Rounding out the sextet is Evan Dick, who is an engineer, investor and executive member of New Jersey-based Dick Holdings LLC; and Dylan Taylor, who is the chairman and CEO of Voyager Space and the founder of a nonprofit group called Space for Humanity.

In a blog post announcing his participation in the mission, Taylor announced “a set of gifts that I would ask all other commercial astronauts to consider.”

“I call it buy one, give one.… It’s simple, donate to worthy causes here on Earth, equivalent to the fare for spaceflight,” he wrote. Taylor said his selected recipients will include Space for Humanity as well as AstroAccess, Edesia Nutrition, Patti Grace Smith Fellowship and Brooke Owens Fellowship.

Taylor, Dick and Besses pay undisclosed rates for their space travel.

This will be the 19th New Shepard flight since 2015, including 16 unmanned missions.

All six spaceflyers will undergo the routine experienced by Blue Origins two previous crews – July’s first foursome ever, which included Jeff Bezos and his brother Mark, plus aviation pioneer Wally Funk and Dutch teen Oliver Daemen; and October’s crew of four, which featured 90-year-old Star Trek actor William Shatner.

The NS-19 crew will head out to the Blue Origins West Texas launch complex a few days before their flight on December 9 and board the New Shepard spacecraft for a suborbital trip that will give them a few minutes of weightlessness and an astronaut sighting of the curved earth under a black sky.

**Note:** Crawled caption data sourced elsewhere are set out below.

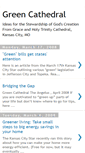 Mobile Screenshot of ghtcgreencathedral.blogspot.com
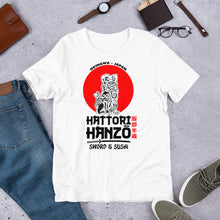 Hattori Hanzō - Sword and Sushi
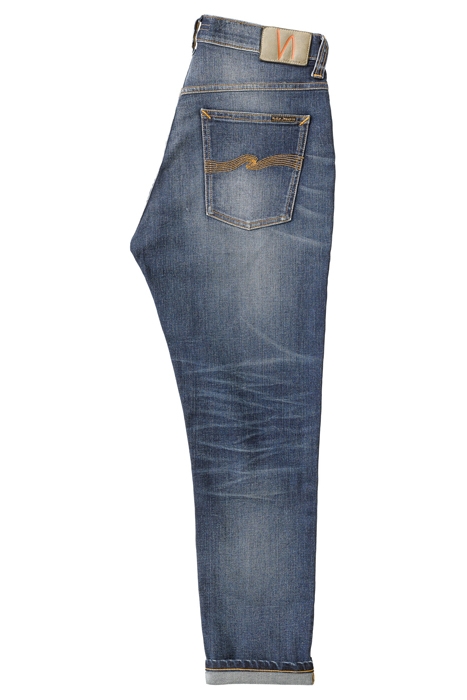 BRUTE KNUT SAGRES WORN 2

The autonomously piloted tour should last about 10 minutes, from take-off to parachute-supported landing of the crew capsule.

The new Shepard booster is designed to land itself separately on a cushion not far from where it will be launched.

In addition to the passengers, Blue Origin will fly a postcard from each astronaut on behalf of Club for the Future, the company’s nonprofit education fund. The club’s “Postcards to Space” program has sent thousands of messages from students to space and back on New Shepard.

Blue Origin said the liftoff is targeted at. 9.00 CT (7.00 PT), with live launch coverage starting at BlueOrigin.com at T-minus-90 minutes.

Next month’s flight is likely to close a banner year for commercial human spaceflight. In addition to Blue Origins suborbital missions, Virgin Galactic sent its billionaire founder, Richard Branson, on a suborbital test flight of its SpaceShipTwo Unity rocket aircraft in July. And in September, SpaceX put a billionaire-backed crew into orbit for the philanthropic Inspiration4 mission.